Any suggestions how I can improve this code/speed it up would be greatly appreciated. Right now it is a major choke point in a program I have been working on for the past six months.

28 Beiträge / 0 neu
Nähere Informationen zur Compiler-Optimierung finden Sie in unserem Optimierungshinweis.

You could try:
DO I=1,ROW
DO  IJ= S(I), S(I+1)-1
DO J=1,COL
AB(I,J)= AB(I,J) + A(IJ)*B(IDX(IJ),J)
END DO
END DO
END DO
CALL DGEMM('T','N',COL,COL,ROW,1D0,B,ROW,AB,ROW,0D0,C,COL)

or the inner loop as

k = idx(IJ)
AB(I,1:ROW)= AB(I,1:ROW) + A(IJ)*B(k,1:ROW)
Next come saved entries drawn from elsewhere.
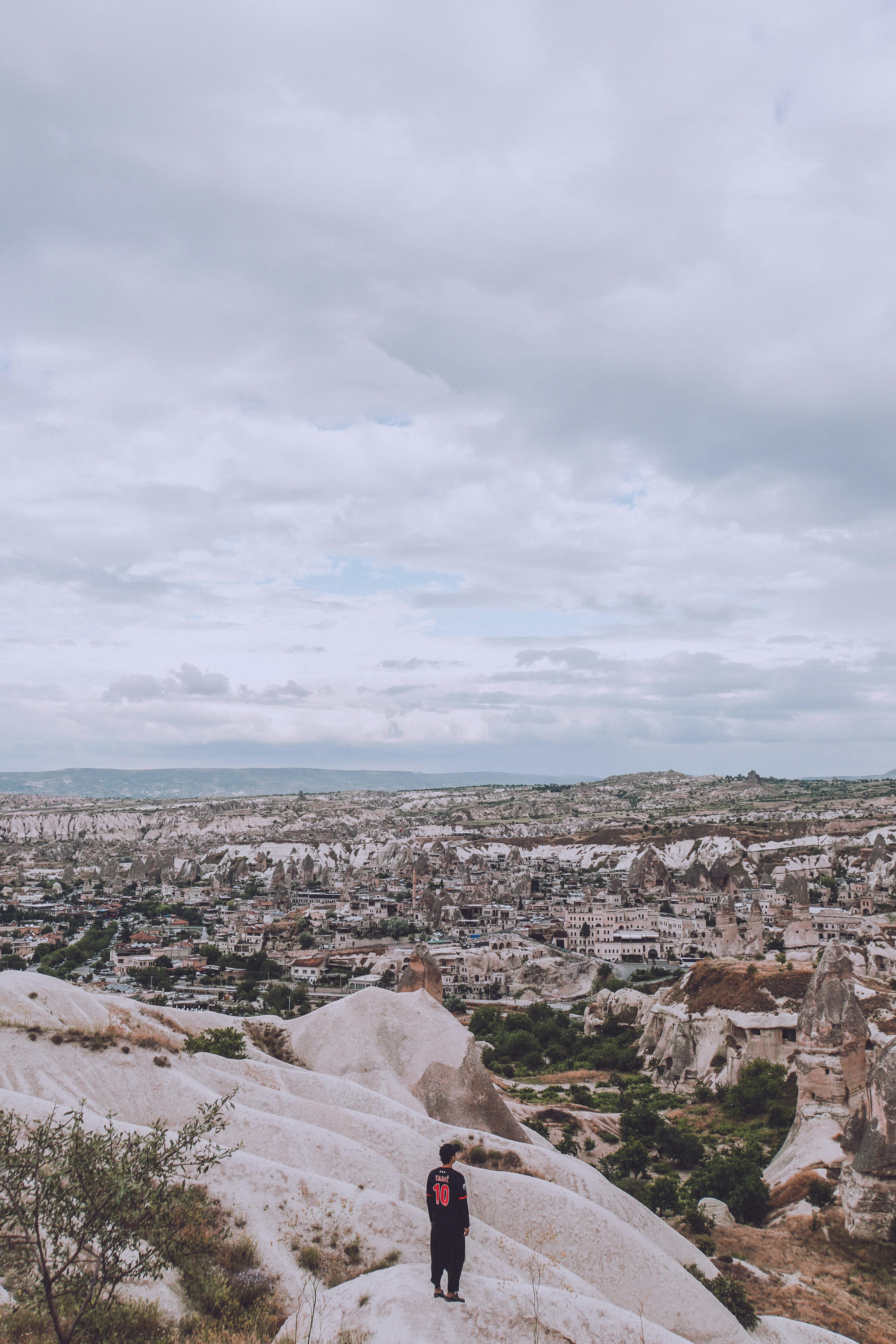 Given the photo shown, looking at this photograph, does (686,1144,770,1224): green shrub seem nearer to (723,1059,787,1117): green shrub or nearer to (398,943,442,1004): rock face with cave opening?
(723,1059,787,1117): green shrub

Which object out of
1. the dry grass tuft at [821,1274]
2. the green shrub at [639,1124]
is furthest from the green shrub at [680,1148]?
the dry grass tuft at [821,1274]

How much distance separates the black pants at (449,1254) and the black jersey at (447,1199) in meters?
0.14

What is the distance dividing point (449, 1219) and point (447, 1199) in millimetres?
204

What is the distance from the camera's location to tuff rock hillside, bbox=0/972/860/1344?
9.66 m

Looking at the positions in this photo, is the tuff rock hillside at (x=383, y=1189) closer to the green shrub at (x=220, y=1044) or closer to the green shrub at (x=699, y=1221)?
the green shrub at (x=220, y=1044)

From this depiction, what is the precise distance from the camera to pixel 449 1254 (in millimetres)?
9406

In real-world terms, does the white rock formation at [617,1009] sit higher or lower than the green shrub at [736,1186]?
lower

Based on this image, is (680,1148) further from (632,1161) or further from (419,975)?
(419,975)

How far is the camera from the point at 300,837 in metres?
189

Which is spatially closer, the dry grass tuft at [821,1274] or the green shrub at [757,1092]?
the dry grass tuft at [821,1274]

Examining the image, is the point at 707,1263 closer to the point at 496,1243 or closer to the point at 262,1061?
the point at 496,1243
Alternatively, ignoring the compression, you might be able to work from the attached approach to compute BAB, by having a temporary copy of AB. I'm not sure of IDX in your example above.
Is A and BAB symmetric ?

John

## Anlagen:

AnhangGröße
1.22 KB

Scott, I'd like to make a couple of comments.

Regarding the 1st part of your calculations, that is multiplication of matricies A and B. Since sizes are big you need to consider parallelization of your processing. Also, from your initial post it is not clear how long does it take to calculate the 1st part and then the 2nd part? It would be nice to give us at least some numbers.

Then, did you consider a dense layout for matricies A and B? Take into account that Fortran's MATMUL function does calculations in 8x - 9x times faster on a system with 4 CPUs ( 8 cores ) in that case and /Qparallel and Parallel version of MKL need to be used.

Another thing is how much physical and virtual memory do you have on your computer? When all matricies are stored in physical memory only and virtual memory is not used matrix multiplication is CPU bound. As soon as at least some amount of virtual memory is used then matrix multiplication is virtual memory bound and performance affected significantly. For example, I see that my HDD LED never stops blinking when I multiply two dense 64K x 64K matricies on a system with 32GB of physical and 128GB of virtual memory.

If the first quoted loop doesn't optimize (what do opt-report or equivalent options for your compiler say?) it would be worth while to put it in the form required for ifort simd reduction.   The "vectorized" reduction would be accomplished by "simulated gather."  OpenMP parallel should be useful (as Sergey said).  Software prefetch on the B array may help, either explicitly prefetching elements for future loop iterations, or looking for compiler automatic software prefetch facility.

I assume you're using MKL parallel and setting affinity if on a multiple CPU platform.

>>I have two matrices A(100K,100K).
>>AB(I,J)= AB(I,J) + A(IJ)*B(IDX(IJ),J)

A(IJ) has one dimension, is this a type-o or is your comment wrong?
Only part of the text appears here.